For this listing, the lines between the one holding "2023 Jeep Grand Cherokee Summit" and the one holding "Manifestantes en la", inclusive, must be set down exactly.

## EXTRACTED RECORDS
• • •

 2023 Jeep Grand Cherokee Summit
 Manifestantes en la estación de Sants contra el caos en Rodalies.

• • •

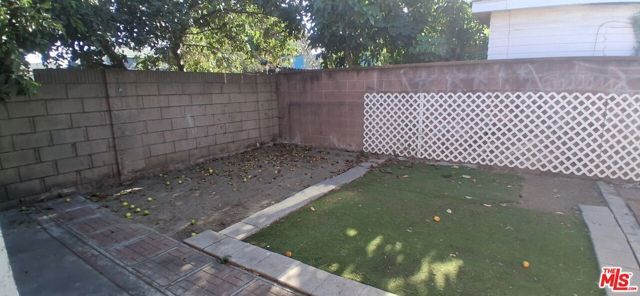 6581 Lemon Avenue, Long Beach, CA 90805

• • •

## ANSWER SPACE
 2023 Jeep Grand Cherokee Summit
 Manifestantes en la estación de Sants contra el caos en Rodalies.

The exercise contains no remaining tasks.